Depending on your chosen location, public transport may be an appropriate option for participants – the Darsham Country Centre is particularly convenient as trains stop directly outside the front door! Costs can be reduced by booking special group fares in advance, or by making use of any railcard discounts that members/volunteers in your group are entitled to. Travelling together can increase the opportunities for young people to bond, exercise their problem solving skills and develop independence – though, of course, you should consider carefully how you will manage any risks associated with this. Depending on the age of the young people, the nature of the accommodation, and how far they need to walk at the other end, it may be feasible for participants to carry their own kit with them, or you may wish to arrange for bulky/heavy kit to be transported separately by car or van.
Vans & Lorries
Hiring a van or lorry to transport equipment is commonly needed for a larger or longer camp. If hiring on a self-drive basis, you should pay careful attention to the licence entitlement of your prospective volunteer drivers. Only drivers who passed their standard driving test prior to 1 January 1997 are able to drive larger vehicles on a car licence – others will be limited to driving Transit- or Luton-style vans. It is vital that drivers of these vehicles, whether hired or not, pay careful attention to the legal weight limits – the gross vehicle weight (GVW), which is the combined weight of the vehicle, its payload, the driver and any passengers, must not exceed the maximum for the vehicle – which will vary by make and model. The load limit for a van may be reached long before the vehicle looks ‘full’, particularly if you are transporting heavy items such as gas bottles and marquees. Anyone driving an overweight vehicle may be fined and/or given penalty points on their licence if stopped by police or DVSA officers.

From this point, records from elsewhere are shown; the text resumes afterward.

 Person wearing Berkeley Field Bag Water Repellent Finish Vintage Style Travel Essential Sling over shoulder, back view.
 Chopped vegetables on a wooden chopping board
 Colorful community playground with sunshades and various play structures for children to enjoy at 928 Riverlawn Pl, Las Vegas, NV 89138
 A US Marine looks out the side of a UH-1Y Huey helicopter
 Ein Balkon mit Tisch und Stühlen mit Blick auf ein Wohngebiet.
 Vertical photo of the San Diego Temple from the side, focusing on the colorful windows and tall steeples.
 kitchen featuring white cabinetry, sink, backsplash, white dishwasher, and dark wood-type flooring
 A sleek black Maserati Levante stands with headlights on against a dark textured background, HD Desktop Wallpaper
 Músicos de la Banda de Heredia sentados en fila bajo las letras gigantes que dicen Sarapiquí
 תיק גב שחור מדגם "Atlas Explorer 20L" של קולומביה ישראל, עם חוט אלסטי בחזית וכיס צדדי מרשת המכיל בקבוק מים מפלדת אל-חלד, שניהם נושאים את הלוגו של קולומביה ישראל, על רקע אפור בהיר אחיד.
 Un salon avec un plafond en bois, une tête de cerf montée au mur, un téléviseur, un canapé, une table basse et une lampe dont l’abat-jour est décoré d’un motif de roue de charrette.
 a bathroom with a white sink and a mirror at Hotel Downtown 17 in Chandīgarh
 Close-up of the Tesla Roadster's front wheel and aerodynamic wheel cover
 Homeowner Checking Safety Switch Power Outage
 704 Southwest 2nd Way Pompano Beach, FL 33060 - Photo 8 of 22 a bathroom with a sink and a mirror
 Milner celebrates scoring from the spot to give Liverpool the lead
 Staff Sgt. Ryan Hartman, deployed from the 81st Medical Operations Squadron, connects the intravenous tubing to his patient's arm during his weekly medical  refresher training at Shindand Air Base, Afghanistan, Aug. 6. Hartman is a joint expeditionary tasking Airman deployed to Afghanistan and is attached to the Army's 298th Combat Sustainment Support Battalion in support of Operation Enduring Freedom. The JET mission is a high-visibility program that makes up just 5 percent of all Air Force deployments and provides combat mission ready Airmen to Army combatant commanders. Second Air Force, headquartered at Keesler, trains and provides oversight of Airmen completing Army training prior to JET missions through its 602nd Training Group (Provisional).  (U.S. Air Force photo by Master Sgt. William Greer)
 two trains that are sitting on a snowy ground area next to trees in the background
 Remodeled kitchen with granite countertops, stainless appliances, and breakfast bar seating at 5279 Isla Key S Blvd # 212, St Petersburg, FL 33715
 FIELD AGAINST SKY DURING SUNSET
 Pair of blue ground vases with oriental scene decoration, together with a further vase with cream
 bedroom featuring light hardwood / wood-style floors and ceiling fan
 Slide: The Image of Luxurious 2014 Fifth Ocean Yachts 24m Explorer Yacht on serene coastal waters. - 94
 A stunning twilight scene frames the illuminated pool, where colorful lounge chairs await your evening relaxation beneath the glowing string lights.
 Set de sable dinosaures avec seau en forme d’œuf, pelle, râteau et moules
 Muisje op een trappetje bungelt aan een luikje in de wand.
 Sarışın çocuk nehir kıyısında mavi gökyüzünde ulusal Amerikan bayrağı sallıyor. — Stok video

Driving without adequate rest breaks will increase the risk of accident and injury – it is important to avoid making unreasonable demands of volunteers who are driving as part of your activity. Consider whether you can hire a vehicle with a driver, rather than asking volunteers to take on this responsibility. Can volunteers who have not been part of the camp be asked to drive the van, rather than asking someone who is already tired from a weekend at camp to take this on? Do you need two drivers who can share the task? An extra day’s hire for a vehicle may add to the cost, but this is preferable to asking a volunteer to undertake a long drive that is potentially unsafe.